What you need to do:
Each line of the listing must be transcribed exactly, except for the images, which should be excluded.

________________

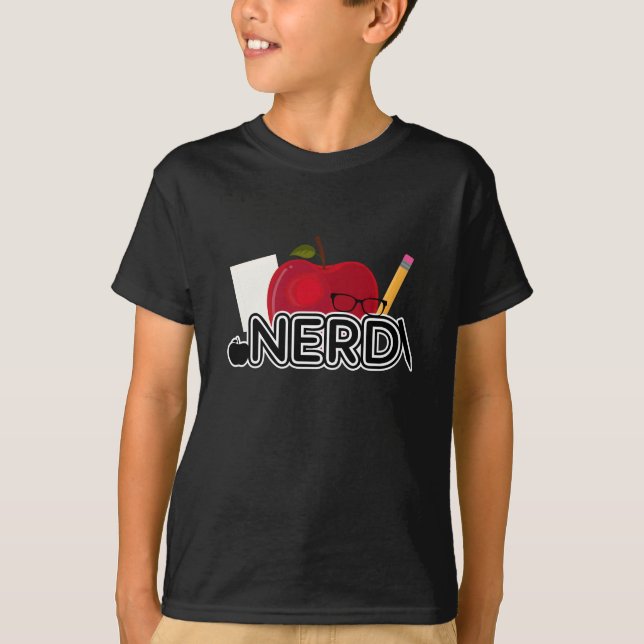 Camiseta Nerd - Logo (Anverso)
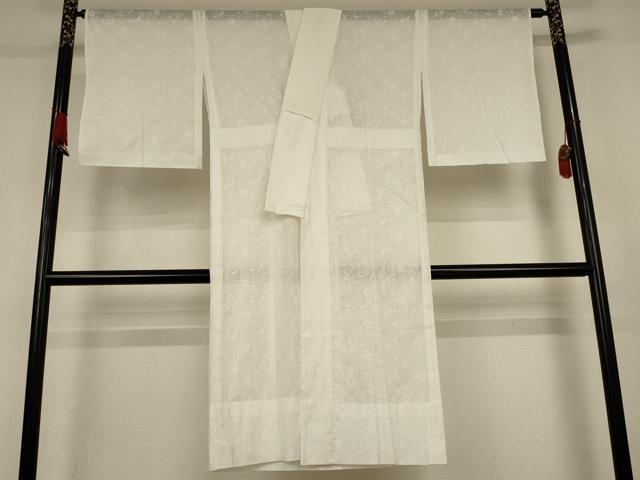 平和屋着物＊夏物　長襦袢　総レース　草花文　白色　AABK2672jd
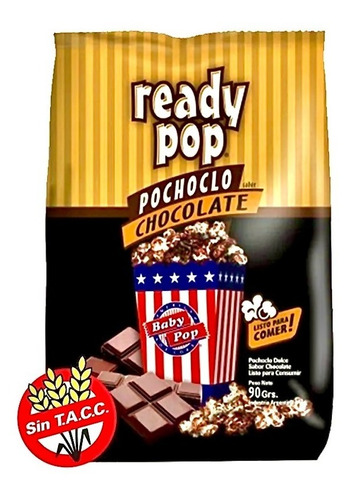 Pochoclo Ready Pop 90g Chocolate Stacc Barata La Golosineria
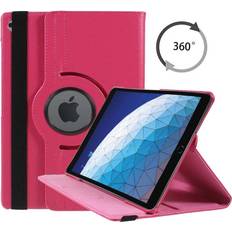 Apple Pink Case For Apple iPad 10.2in 2020 8th Generation PU Leather 360 Degree Rotating Cover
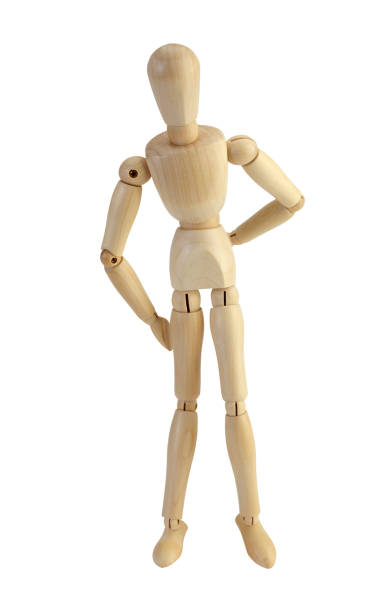 istock Wooden Mannequin with clipping path 866471660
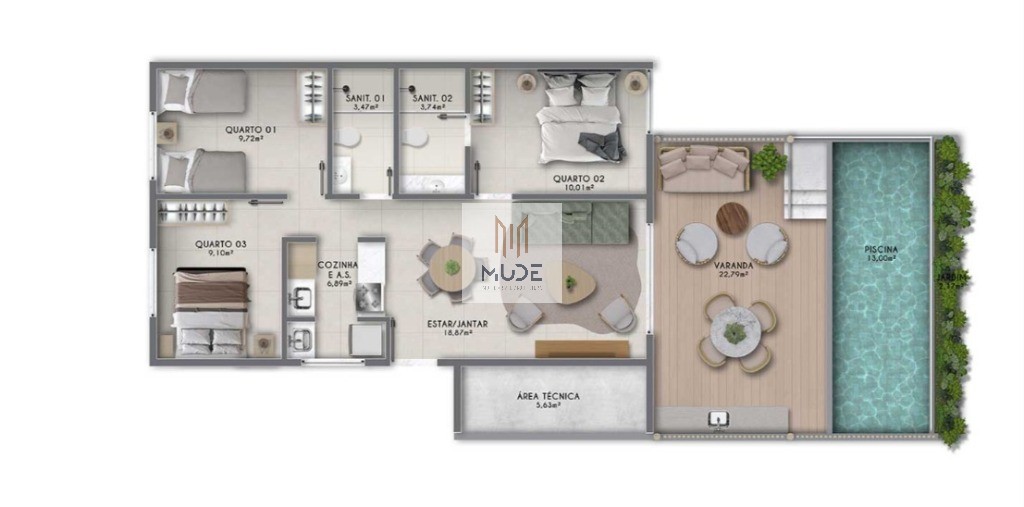 Apartamento, 2 quartos, 88 m² - Foto 8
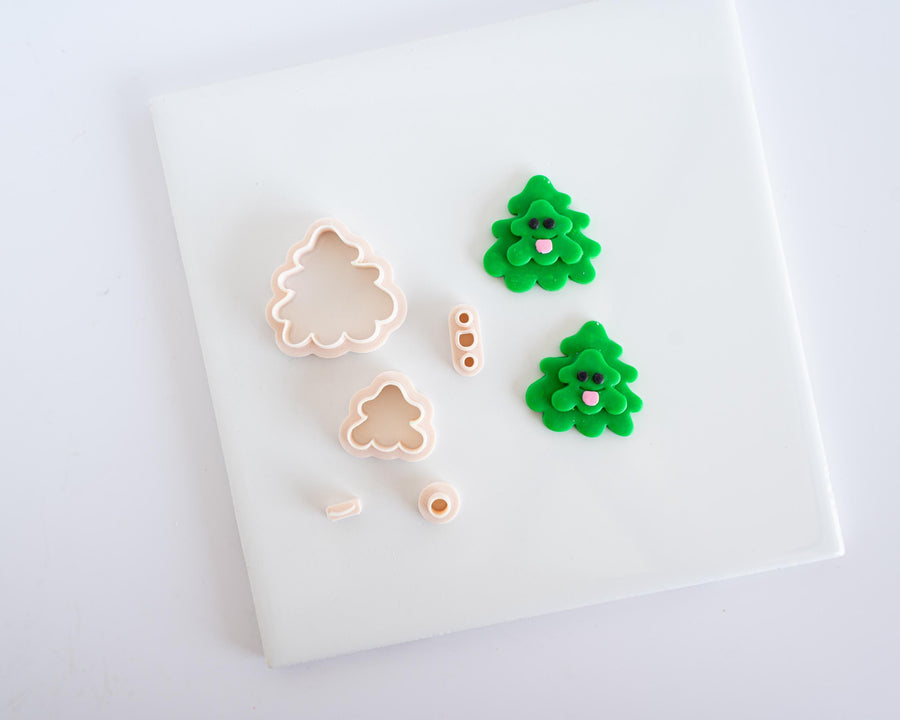 Melted Christmas Tree - Kawaii Christmas Clay Cutter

________________

Solution below:
 Camiseta Nerd - Logo (Anverso)
 平和屋着物＊夏物　長襦袢　総レース　草花文　白色　AABK2672jd
 Pochoclo Ready Pop 90g Chocolate Stacc Barata La Golosineria
 Apple Pink Case For Apple iPad 10.2in 2020 8th Generation PU Leather 360 Degree Rotating Cover
 istock Wooden Mannequin with clipping path 866471660
 Apartamento, 2 quartos, 88 m² - Foto 8
 Melted Christmas Tree - Kawaii Christmas Clay Cutter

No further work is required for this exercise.